Intersectionality in Sex Ed

Intersectionality in Sex Ed

By Jessica Higgins, Communications Coordinator
June 22, 2017

The first thing that struck me about Loretta Ross was her total lack of fear. She cussed like a sailor, grinned toothily, laughed often. She was the keynote speaker at the Colorado Advocacy in Action Conference – a conference dedicated to sexual assault and domestic violence – but stayed seated throughout the entire speech, wryly noting that there wasn’t a chance she was going to stand for a whole hour.

But if anyone has earned the privilege to lean back and scoff in the face of propriety, it’s Loretta Ross. She was one of the founders of the theory of reproductive justice and has been fighting for human rights all of her life. She’s a black woman who went to KKK rallies to try and understand Klansmen, the mother of a child of incest, a self-described “student of hate.” She wears her trauma on her sleeve, using it as a tool in her quest to educate.

And the lesson she attempted to teach at Colorado Advocacy in Action? We need to work together, expand our interests beyond siloes, and embrace intersectionality.

The concept of intersectionality asks us to consider the multiple identities that exist at once in each human being, and by doing so gain a deeper understanding of identity and systemic oppressions. For example, I walk through the world as a white, cisgender, heterosexual person, and those different identities contribute to my experience of privilege. But I also walk through the world as a woman and as a survivor of sexual assault, and those identities contribute to my experience of oppression. Intersectionality asks me to consider how each of those identities interact with one another, and to consider the ways in which others walk through this world, the multiple identities they hold within them.

Ross was talking about intersectionality in approaching domestic violence and sexual assault, but since her speech I’ve been thinking about it in regard to sex ed. When we talk about sexual health, sexual empowerment, or sexual liberation, the reality is that we cannot approach those topics with complete honesty unless we consider the multiple systems of oppression that get in the way.

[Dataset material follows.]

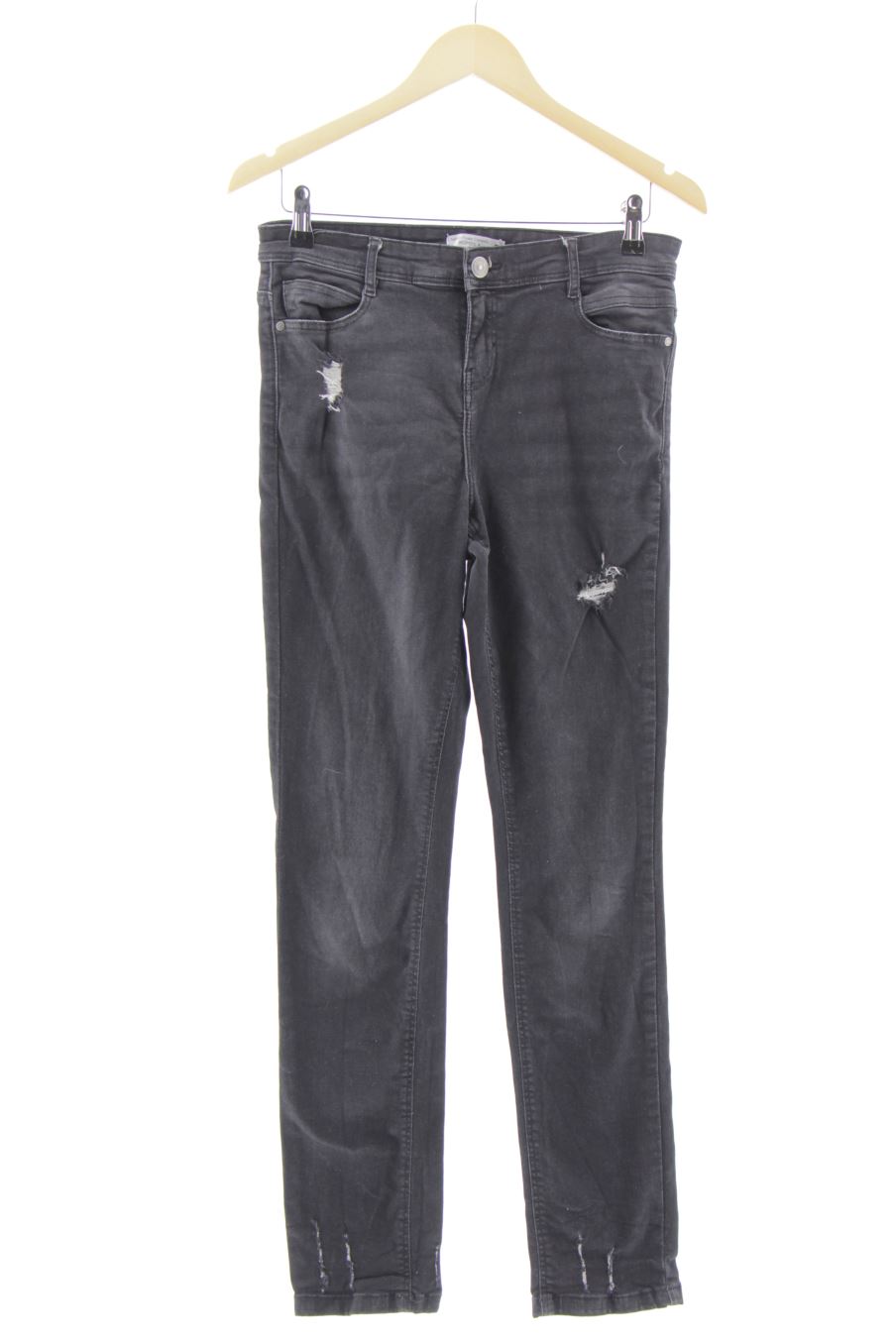 Jeans Fashion Privare Company de la taille 40, de couleur noir de denim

On the surface, sex ed is the simple education of how to have sex and be in relationships safely. But you dig a little deeper and realize that youth can’t have sex safely without access to the resources that allow them to do so (condoms, birth control, affordable healthcare), and so sex ed must consider what prevents students from accessing these resources. Similarly, sex ed must consider what might prevent people from being in safe relationships. Suddenly a topic that seemed relatively simple on the surface must consider class, race, trauma, gender identity, sexuality, religion, and so on that might prevent young people from accessing resources or from entering healthy relationships.

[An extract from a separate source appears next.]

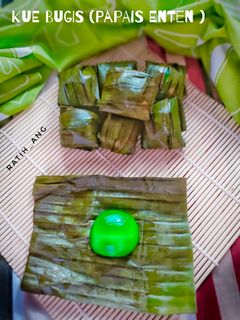 Foto resep Kue Bugis (Papais Enten)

In other words, the act of being a sexual person deeply intersects with multiple identities, and so the framework of intersectionality should be fundamental to sex ed. It often isn’t. As Ross points out, “People are confused about intersectionality because they believe it is an explanation of differences: No. It is an explanation of oppressions.” Taking an intersectional approach to sex ed doesn’t mean creating division; it means taking a good hard look at how we can truly come together, and truly work to create change. That means being humble and acknowledging what we don’t know, and it means being open to different ideas and different experiences.

It also means listening – really, truly listening. The first thing that struck me about Loretta Ross was her fearlessness, but the second was her ability to listen to and attempt to understand the worst of humanity. If Ross can listen to white supremacists and fascists, surely we can reach out to other groups fighting systemic oppression and attempt to work together toward a common goal; surely we can listen to students and attempt to understand how their experiences of race, class, disability, gender, sexuality, and other identities impact how they approach sex and relationships.

Activist Lilla Watson once said, "If you have come here to help me, then you are wasting your time. But if you have come because your liberation is bound up with mine, then let us work together." In a time of frustration, mistrust, and division, one of the most powerful things we can do is listen, and take steps to build partnerships with those who experience the world differently than us. Or, as Ross put it, “We don’t need to sing the same song, but we need to sing our different songs in harmony.” So, let’s keep singing the song of sex ed, but consider the harmonies while we do.